+++ GIVEN MATERIAL +++
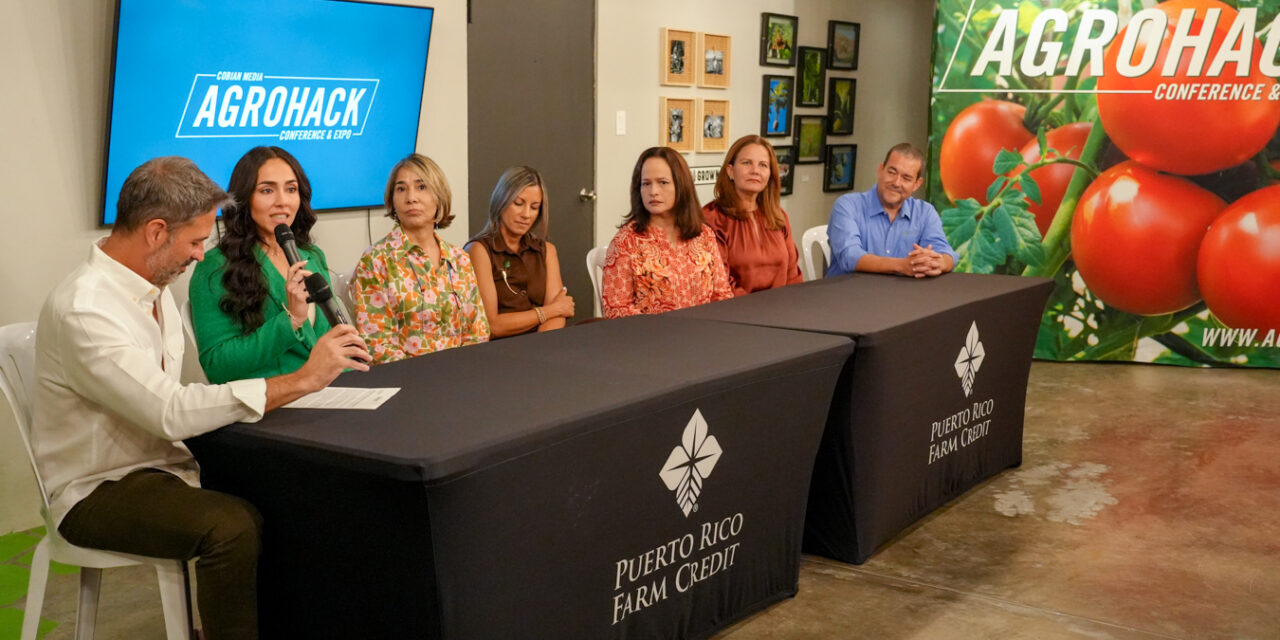 Mujeres agricultoras fortalecen el futuro de la agricultura puertorriqueña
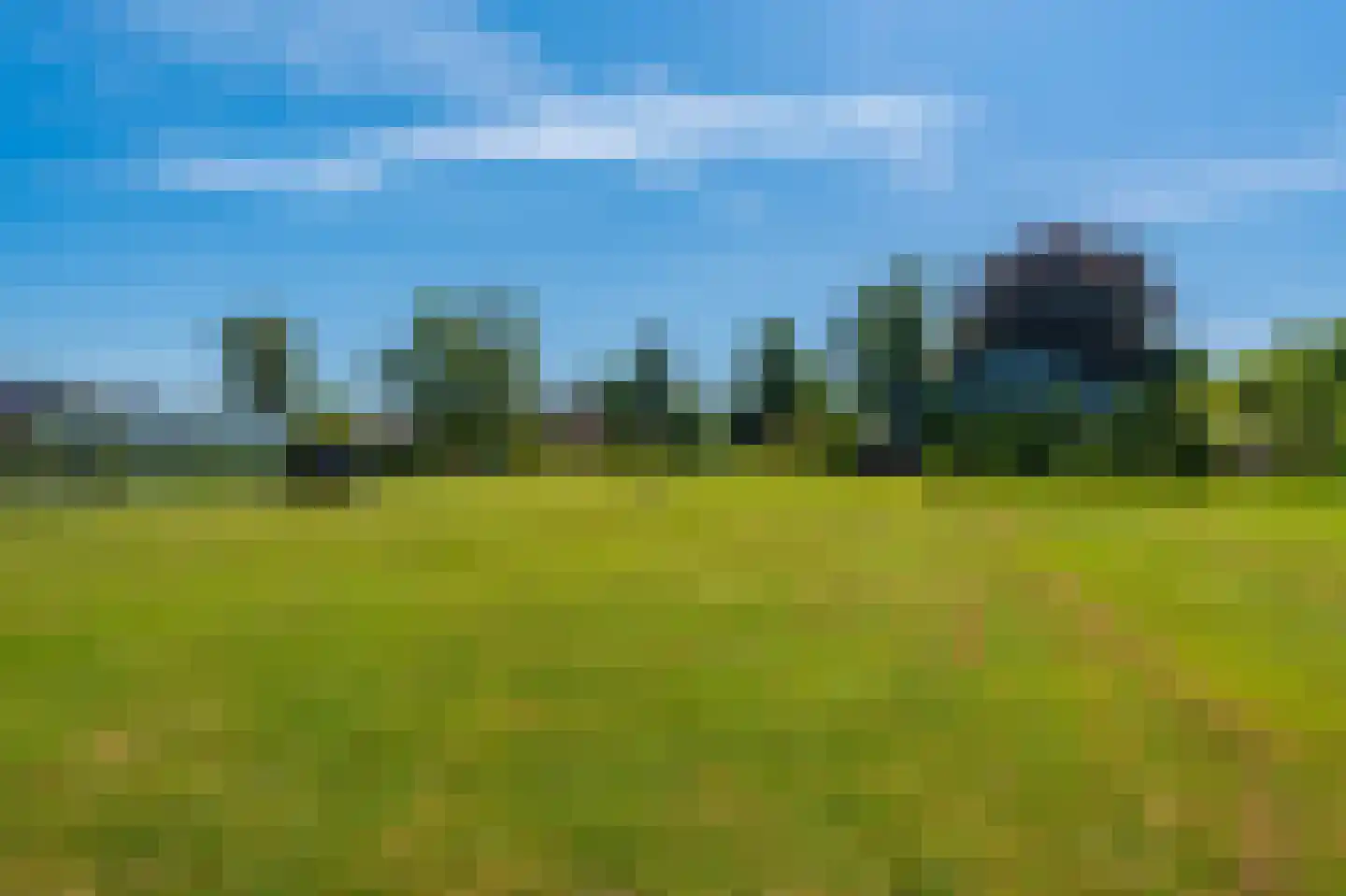 2e Bovenpad 5 Westerlee thumbnail 48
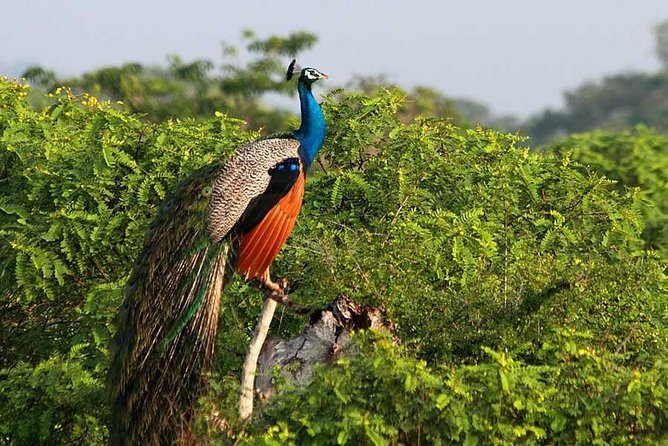 Yala Safari From Hambantota Port (Shore Excursion) by BTM - Customer Experiences and Ratings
+++
■ **WHAT IS REQUIRED**:
Reproduce the listing word for word. Do not carry over the pictures.

■ **PROBLEM SOLUTION**:
 Mujeres agricultoras fortalecen el futuro de la agricultura puertorriqueña
 2e Bovenpad 5 Westerlee thumbnail 48
 Yala Safari From Hambantota Port (Shore Excursion) by BTM - Customer Experiences and Ratings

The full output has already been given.